In a moment the deacon was fully dressed and he scuttled as merrily and
noisily down the resounding stairway as a gust of autumn wind running
through a patch of russet leaves. Through the hall and kitchen he
bustled and out into the woodshed, where he ran against old Towser, the
big Newfoundland watch-dog, who stood in the passage expectantly
watching his coming.

[Illustration: "_Ha, none of that, you woolly-coated rogue, you._"]

"A happy New Year to you, Towser, old boy," he cried, and, seizing the
huge dog by his shaggy coat, he wrestled with him like a merry-hearted
boy. "A happy New Year to you, old fellow," he repeated, as the dog
broke into a series of joyful barks; "speak it right out, Towser. God
made you as full of fun as he has the rest of us, and a good deal
fuller than many of your kind, and mine, too," and with this backhanded
hit at the vinegar-visaged and acidulous-hearted of his own species, the
deacon shuffled along the crisp, icy path toward the barn, while Towser
gamboled through the deep snow and plunged into the huge, fleecy drifts
in as merry a mood as his merry master.

"A happy New Year to you, old Jack," he called out to his horse, as he
entered the barn, and Jack neighed a happy return, more expectant,
perhaps, of his breakfast of oats than appreciative of the greeting.
"And a happy New Year to you, you youngster," he shouted to the colt,
who, being at liberty to roam at will, had already appropriated a
section of the hay-mow to his own satisfaction. "Ha, none of that, you
woolly-coated rogue, you," he cried, as he jumped aside to escape a kick
that the bunch of equine mischief anticly snapped at him. "None of that,
you little unconverted sinner, you.

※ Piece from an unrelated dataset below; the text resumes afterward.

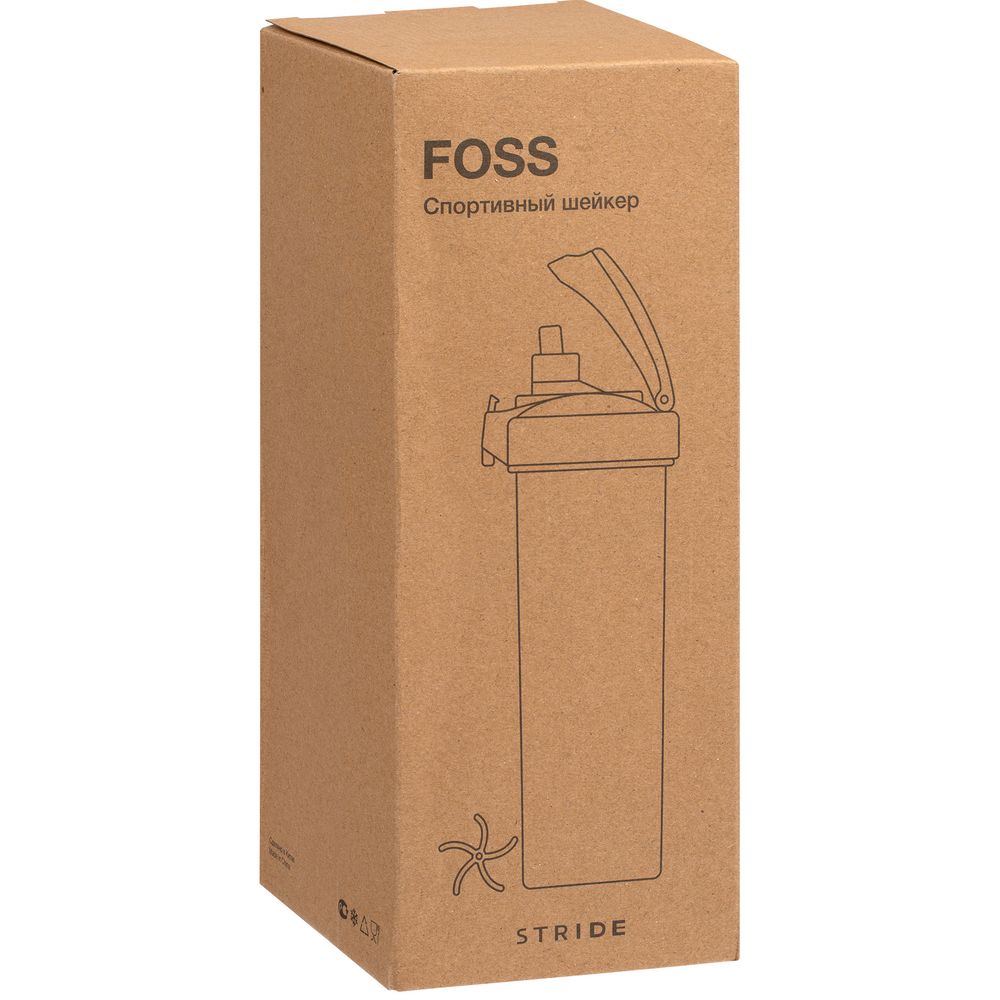 Спортивный шейкер Foss, черный Спортивный шейкер Foss, черный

I verily believe the parson is
right, and that

'In Adam's fall
We sinned all - '

men and beasts, colts and children, all in one lot."

And so, talking to himself and his cattle, the jolly little man, whose
good-heartedness represented more genuine orthodoxy than the whole
Westminster catechism, bustled merrily about the barn and did his
chores, while the cockerels crowed noisily from their perches overhead,
the fat white pigs grunted in lazy contentment from their warm beds of
straw, and the oxen, with their large, luminous eyes, gazed benevolently
at him as he crammed their mangers generously full with the fragrant hay
that smelled sweetly of the flowers and odorous meadow lands, where in
the warm summer sunshine it had ripened for the welcome scythe.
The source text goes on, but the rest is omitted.